不動産仲介業者の囲い込みとは

マンションを売却する際、事前に知っておきたいことがあります。
それは、不動産仲介業者による「囲い込み」です。

この記事を見れば、囲い込みについて詳しく知ることができ、マンション売却の際に囲い込みについての知識武装をできるようになるでしょう。

目次

不動産仲介業者の囲い込みとは

不動産の仲介手数料のしくみ

不動産仲介業者の「売上」のほとんどを占めるのは、売主または買主からの「仲介手数料」です。

仲介手数料は宅建業法により上限が決まっています。

売買価格仲介手数料の上限金額
売買価格400万円超の場合売買価格×3%+6万円(+消費税)
売買価格200万円超400万円以下の場合売買価格×4%+2万円(+消費税)
売買価格200万円以下の場合売買価格×5%(+消費税)

例えば、売買価格が400万円超の場合、仲介手数料の上限は「売買価格の3%+6万円(+消費税)」となります。

売上の差が2倍、両手仲介と片手仲介

仲介手数料の上限が決まっている以上、ひとつの取引で多くの売上を上げるには、方法はひとつしかありません。
それは、不動産仲介業者が一社で売主と買主の仲介を行う、いわゆる「両手仲介」です。
仲介手数料を売主と買主からそれぞれ得られるため、合計の仲介手数料は「6%+12万円(+消費税)」と、売上が2倍に増えます。

不動産仲介業者は売主と媒介契約(売却委任)を結び、物件の売却活動を行います。
もし買主を物件に案内して購入まで導ければ、売主から「3%+6万円(+消費税)」、買主からも「3%+6万円(+消費税)」を支払ってもらえるのです。

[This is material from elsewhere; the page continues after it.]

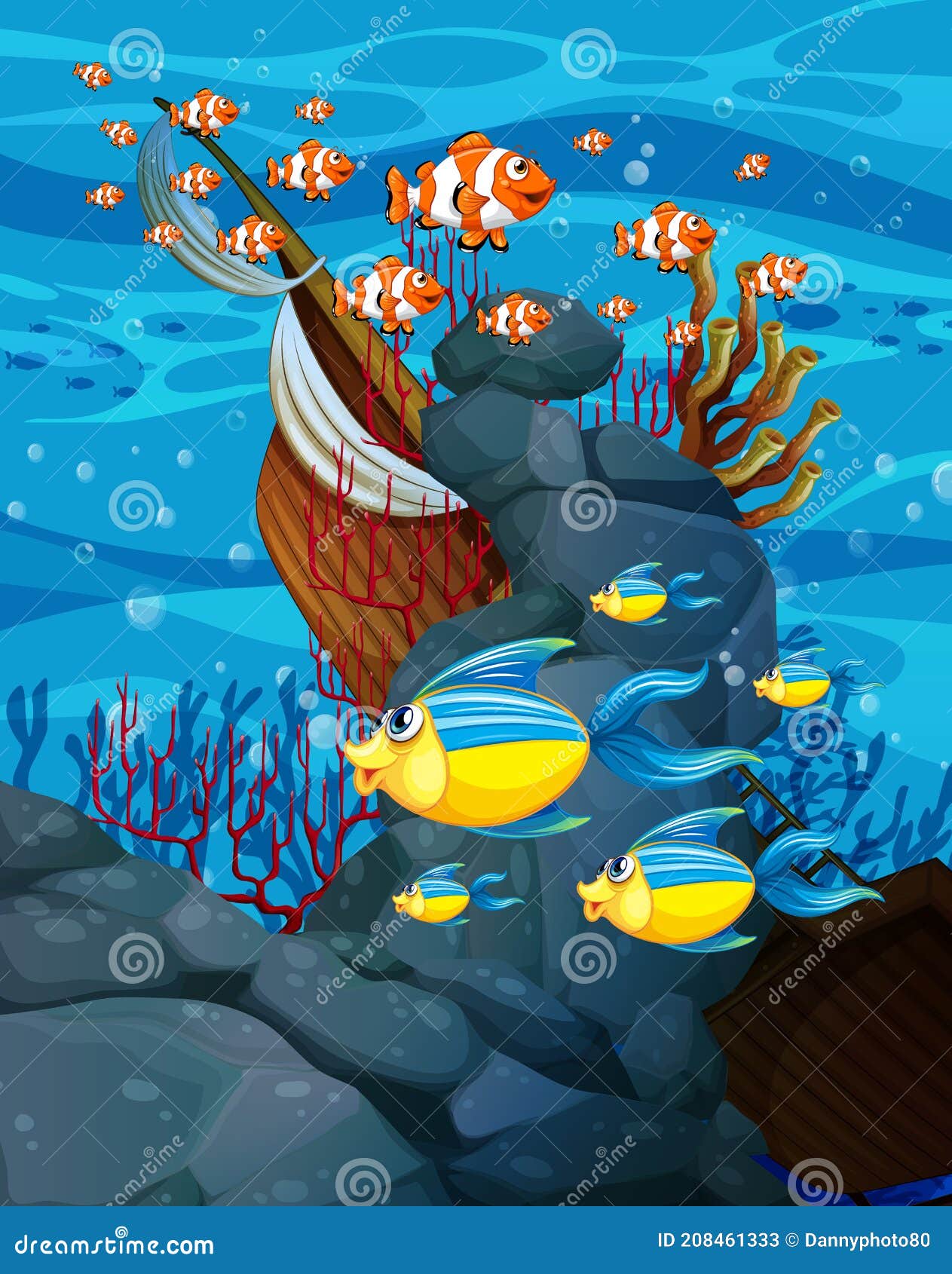 Muchos Personajes De Dibujos Animados De Peces Exóticos En El Fondo Submarino Ilustración del Vector - Ilustración de historieta, rapaz: 208461333 Muchos Personajes De Dibujos Animados De Peces Exóticos En El Fondo Submarino Ilustración del Vector - Ilustración de historieta, rapaz: 208461333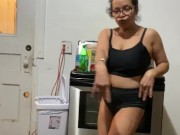 Anna maria mature latina sexy Dominican MILF in black part 3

一方で、他社の不動産仲介業者が買主を連れてきた場合、売主と媒介契約を結んだ不動産仲介業者は売主からの仲介手数料「3%+6万円(+消費税)」しか得ることができません。
片方だけなのでいわゆる「片手仲介」と呼ばれます。

囲い込みで情報を制限する

ひとつの取引で売上の差が「2倍」になる可能性があるため、売主と媒介契約を結んだ不動産仲介業者は買主を自社で連れてきて「両手成約を狙いたい」という心理が働きます。

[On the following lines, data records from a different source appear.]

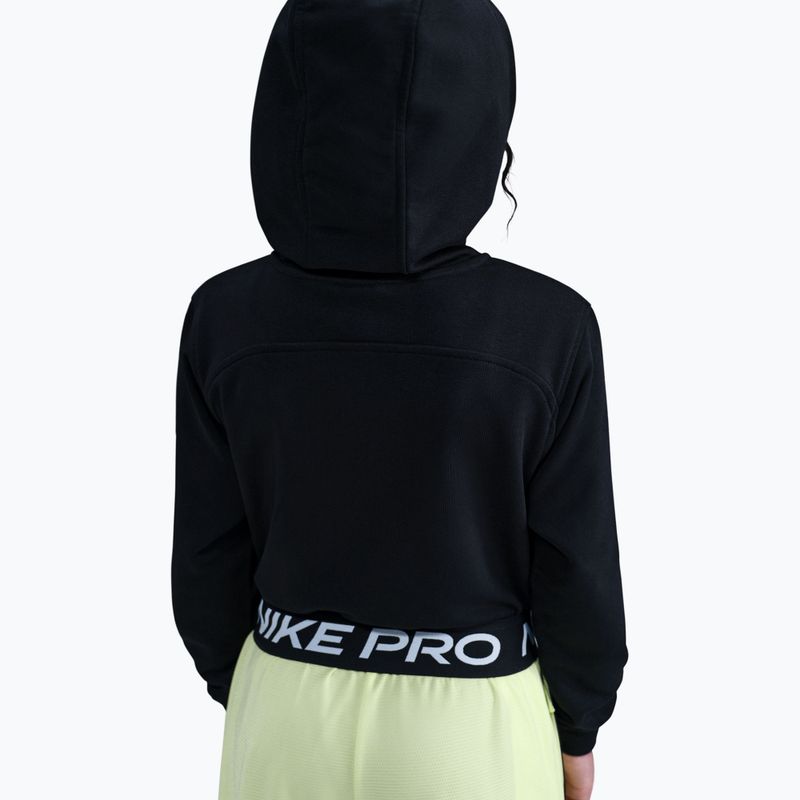 Vaikiškas džemperis Nike Pro Fleece black/black/black/white 4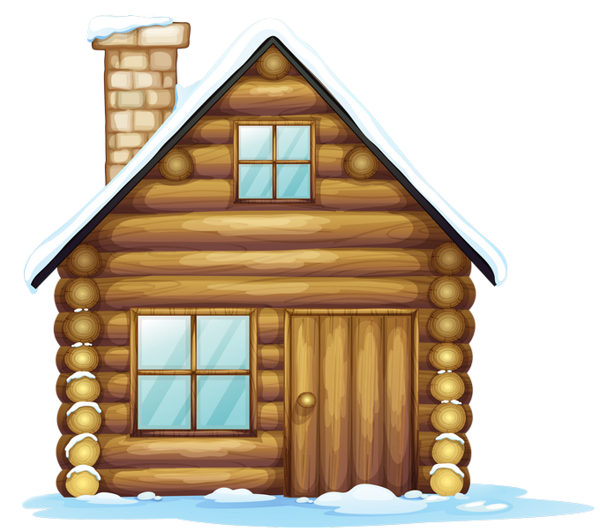 This png image - Winter Christmas House PNG Clipart, is available for free download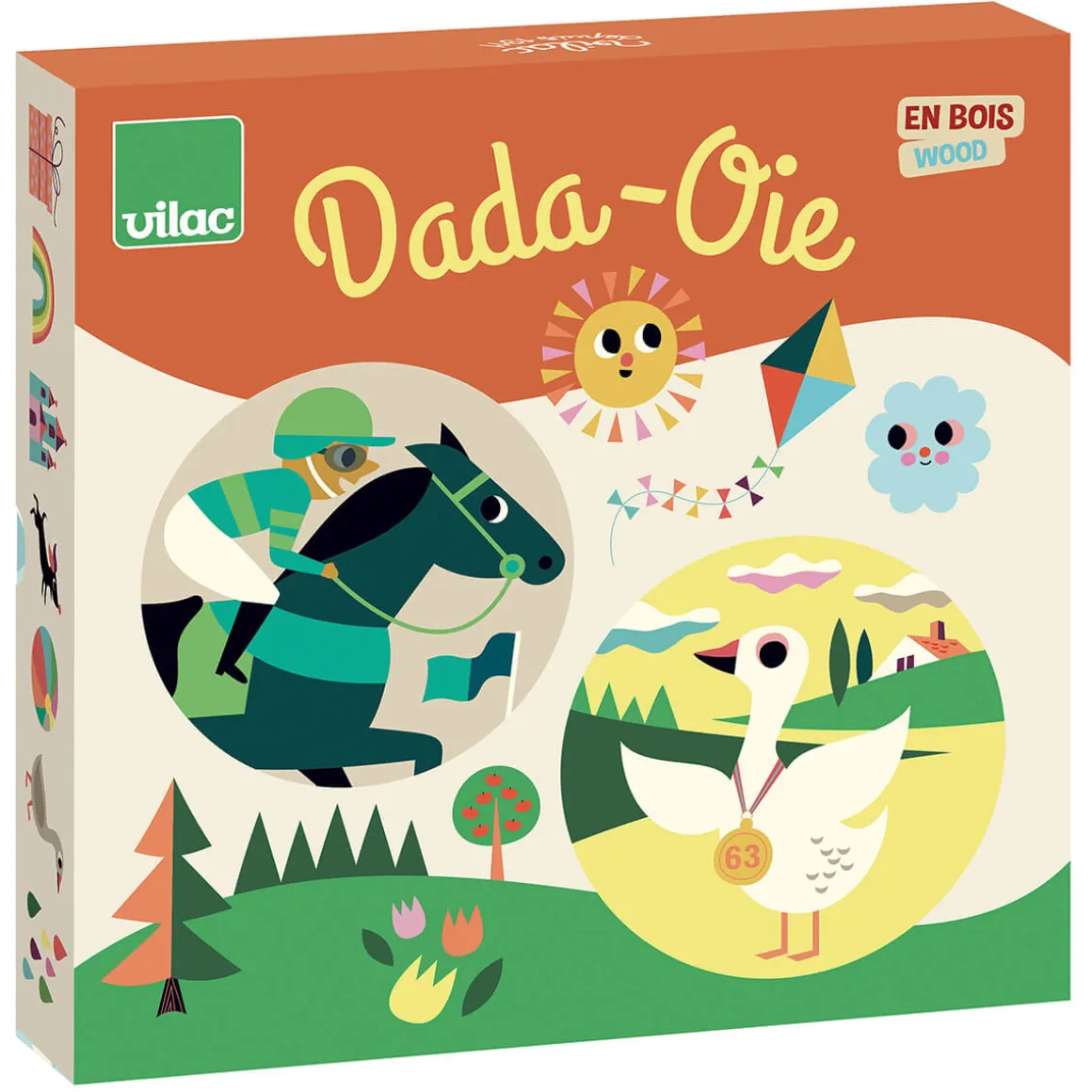 Ingela P. Arrhenius Dada-Oie Board Games Set by Vilac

一番酷いケースは、専任媒介契約(あるいは専属専任媒介契約)を結んだにもかかわらず、指定流通機構(REINS)への登録期限を過ぎても掲載しないパターンです。
これは明確な宅建業法違反です。
しかし、最近はここまで酷いケースは減っています。

それでもなお、奇妙なことは起こります。

実際に不動産に申し込みをしている人がいないにもかかわらず、他社の不動産仲介業者からの問い合わせ時は「売り止め(申し込みしている人がいるのでお断り)」にする一方で、一般客(エンドユーザー)からの問い合わせ時には「ご紹介できます」という対応にして、両手成約の可能性を上げます。

では、具体的にどのようにして囲い込むのか。

例えば、三井不動産リアルティの神奈川県の某支店では以下のようなやりとりがなされている。

不動産仲介会社役「物件確認なんですが、○○○(物件名)なんですけど……」

支店担当者「あ~、話入ってます(=すでに交渉中です)」

それから16分後、今度は一般客のふりをして同店に電話してのやりとりは以下の通りだ。

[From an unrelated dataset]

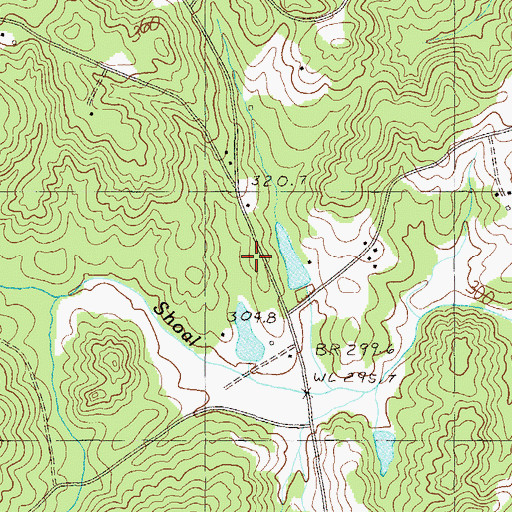Topographic Map of Cox Mini Farms Pond Dam D-1938, SC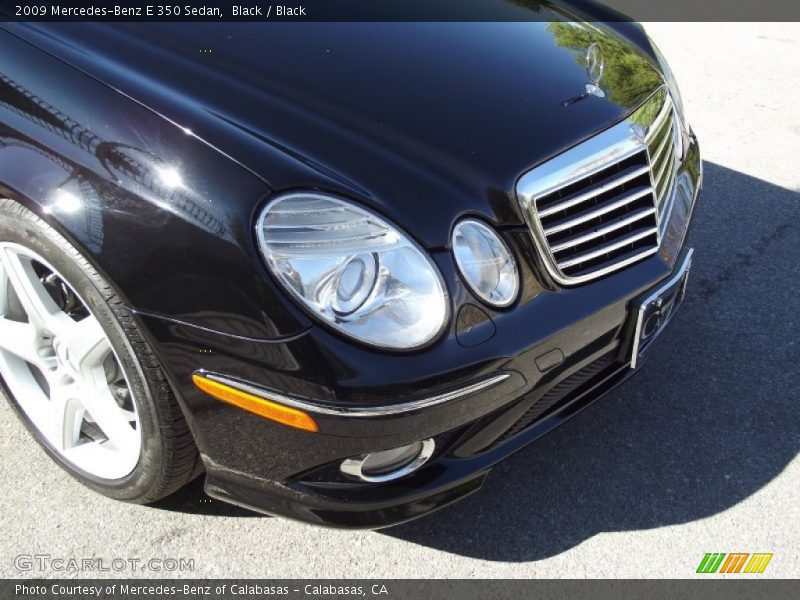 Black / Black 2009 Mercedes-Benz E 350 Sedan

一般客役「ホームページで見たんですが、○○○(物件名)って今は空いているでしょうか?」

支店担当者「ご紹介可能です」

一般客役「あ、本当ですか」

支店担当者「まだ内覧した人は一人もいないので、今週末から内覧可能です」

引用元:大手不動産が不正行為か流出する”爆弾データ”の衝撃|ダイヤモンドオンライン

問い合わせをしてきた不動産仲介業者の先にいる購入検討者が物件を購入する可能性があるにもかかわらず、「すでに交渉中」といわれてしまえば、それまでです。

囲い込みをされやすい物件とは

囲い込みをされやすい物件の例をあげてみます。

  • 売買金額が高い物件
  • 週末に新聞の折込チラシ等で告知してオープンルーム(販売会)をやる予定の物件
  • 自社のお客さんと商談中で週末にクロージング(購入意思の確認)予定の物件

売買金額が高い物件


例えば、売主と媒介契約を結んでいる物件が3件あるとします。

物件名売買金額仲介手数料
アパートA1億円306万円(+消費税)
マンションB3,000万円96万円(+消費税)
マンションC500万円21万円(+消費税)

ここで、2つのケースを見てみましょう。

1つ目は、アパートAを両手仲介。
仲介手数料は片手仲介の倍となる「612万円(+消費税)」です。

2つ目は、アパートAを片手仲介「306万円(+消費税)」、マンションBを両手仲介「192万円(+消費税)」、マンションCを両手仲介「42万円(+消費税))。
仲介手数料の合計は「540万円(+消費税)」です。

つまり、後者は取引が3回にもかかわらず、前者のアパートA両手仲介1件の方が仲介手数料の金額が多いということです。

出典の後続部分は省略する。